Collected data

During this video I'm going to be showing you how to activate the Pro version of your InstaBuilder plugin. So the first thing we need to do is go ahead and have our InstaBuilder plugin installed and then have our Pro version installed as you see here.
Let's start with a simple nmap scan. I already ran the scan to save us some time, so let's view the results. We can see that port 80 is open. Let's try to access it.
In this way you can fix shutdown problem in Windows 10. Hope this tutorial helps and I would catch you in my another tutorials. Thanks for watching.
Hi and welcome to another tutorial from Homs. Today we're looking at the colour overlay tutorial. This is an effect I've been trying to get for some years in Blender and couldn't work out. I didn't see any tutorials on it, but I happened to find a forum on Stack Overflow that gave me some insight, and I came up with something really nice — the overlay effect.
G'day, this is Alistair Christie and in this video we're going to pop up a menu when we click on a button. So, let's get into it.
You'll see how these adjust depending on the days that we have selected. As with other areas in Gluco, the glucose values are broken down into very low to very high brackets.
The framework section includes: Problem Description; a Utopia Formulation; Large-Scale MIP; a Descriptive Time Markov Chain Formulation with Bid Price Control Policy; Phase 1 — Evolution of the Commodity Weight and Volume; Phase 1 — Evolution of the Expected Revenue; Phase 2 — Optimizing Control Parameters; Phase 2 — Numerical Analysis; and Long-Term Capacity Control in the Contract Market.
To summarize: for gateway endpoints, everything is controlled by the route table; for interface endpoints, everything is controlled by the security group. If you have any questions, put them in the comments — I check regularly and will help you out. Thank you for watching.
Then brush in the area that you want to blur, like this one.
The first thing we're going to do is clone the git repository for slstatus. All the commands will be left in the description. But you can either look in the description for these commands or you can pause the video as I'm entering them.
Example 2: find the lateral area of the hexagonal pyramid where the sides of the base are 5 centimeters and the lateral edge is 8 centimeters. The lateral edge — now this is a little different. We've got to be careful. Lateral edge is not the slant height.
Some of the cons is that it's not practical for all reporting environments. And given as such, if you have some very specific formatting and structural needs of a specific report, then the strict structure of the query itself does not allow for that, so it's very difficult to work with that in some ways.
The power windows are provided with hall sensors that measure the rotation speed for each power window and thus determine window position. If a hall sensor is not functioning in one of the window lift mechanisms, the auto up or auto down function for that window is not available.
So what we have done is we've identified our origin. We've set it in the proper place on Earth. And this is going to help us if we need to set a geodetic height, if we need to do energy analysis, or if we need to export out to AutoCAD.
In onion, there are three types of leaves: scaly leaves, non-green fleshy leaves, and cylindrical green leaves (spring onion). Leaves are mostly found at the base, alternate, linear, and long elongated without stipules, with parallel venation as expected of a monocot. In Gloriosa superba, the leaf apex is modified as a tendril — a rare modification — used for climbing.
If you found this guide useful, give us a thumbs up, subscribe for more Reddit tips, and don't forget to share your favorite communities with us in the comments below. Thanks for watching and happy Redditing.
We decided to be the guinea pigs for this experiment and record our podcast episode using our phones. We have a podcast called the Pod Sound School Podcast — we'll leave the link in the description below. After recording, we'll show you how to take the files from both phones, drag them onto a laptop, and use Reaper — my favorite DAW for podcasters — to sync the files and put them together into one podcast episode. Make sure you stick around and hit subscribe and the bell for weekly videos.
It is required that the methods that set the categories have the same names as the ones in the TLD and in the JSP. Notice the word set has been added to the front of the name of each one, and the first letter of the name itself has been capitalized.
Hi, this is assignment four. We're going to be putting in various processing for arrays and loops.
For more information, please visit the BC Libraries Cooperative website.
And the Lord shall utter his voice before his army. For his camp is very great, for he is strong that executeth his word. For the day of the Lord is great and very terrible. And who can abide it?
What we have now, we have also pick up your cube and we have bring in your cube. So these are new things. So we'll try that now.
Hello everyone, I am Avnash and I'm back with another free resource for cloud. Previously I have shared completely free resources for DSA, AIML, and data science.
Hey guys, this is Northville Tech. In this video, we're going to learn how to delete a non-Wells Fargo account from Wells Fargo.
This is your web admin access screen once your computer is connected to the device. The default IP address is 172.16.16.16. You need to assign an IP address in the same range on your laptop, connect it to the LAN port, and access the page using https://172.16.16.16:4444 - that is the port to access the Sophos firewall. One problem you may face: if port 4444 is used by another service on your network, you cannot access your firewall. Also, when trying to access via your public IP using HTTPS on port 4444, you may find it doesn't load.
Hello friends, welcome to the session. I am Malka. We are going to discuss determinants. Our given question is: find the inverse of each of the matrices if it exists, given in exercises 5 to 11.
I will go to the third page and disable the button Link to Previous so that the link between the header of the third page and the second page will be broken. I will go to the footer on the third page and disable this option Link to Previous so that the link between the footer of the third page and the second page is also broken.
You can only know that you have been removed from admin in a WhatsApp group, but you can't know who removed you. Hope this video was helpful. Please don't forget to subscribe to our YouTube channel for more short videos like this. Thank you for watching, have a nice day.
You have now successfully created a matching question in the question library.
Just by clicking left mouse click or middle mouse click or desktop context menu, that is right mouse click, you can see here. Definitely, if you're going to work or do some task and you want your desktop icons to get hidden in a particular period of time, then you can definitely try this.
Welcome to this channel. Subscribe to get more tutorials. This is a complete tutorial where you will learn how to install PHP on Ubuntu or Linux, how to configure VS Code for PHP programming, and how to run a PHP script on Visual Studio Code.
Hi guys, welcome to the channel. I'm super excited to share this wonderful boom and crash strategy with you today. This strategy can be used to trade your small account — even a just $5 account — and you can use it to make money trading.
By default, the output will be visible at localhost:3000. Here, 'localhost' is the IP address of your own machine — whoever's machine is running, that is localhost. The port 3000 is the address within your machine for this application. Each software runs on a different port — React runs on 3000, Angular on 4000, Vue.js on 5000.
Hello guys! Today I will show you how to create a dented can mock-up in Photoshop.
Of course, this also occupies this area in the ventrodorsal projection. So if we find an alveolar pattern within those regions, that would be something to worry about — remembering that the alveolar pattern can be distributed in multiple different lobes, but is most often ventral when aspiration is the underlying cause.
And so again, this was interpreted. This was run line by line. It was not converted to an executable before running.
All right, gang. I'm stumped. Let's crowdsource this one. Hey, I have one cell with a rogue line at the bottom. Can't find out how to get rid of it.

PROBLEM STATEMENT> Lines with the word "before": copy each one from the data above.

SOLVED EXERCISE>
And the Lord shall utter his voice before his army. For his camp is very great, for he is strong that executeth his word. For the day of the Lord is great and very terrible. And who can abide it?
And so again, this was interpreted. This was run line by line. It was not converted to an executable before running.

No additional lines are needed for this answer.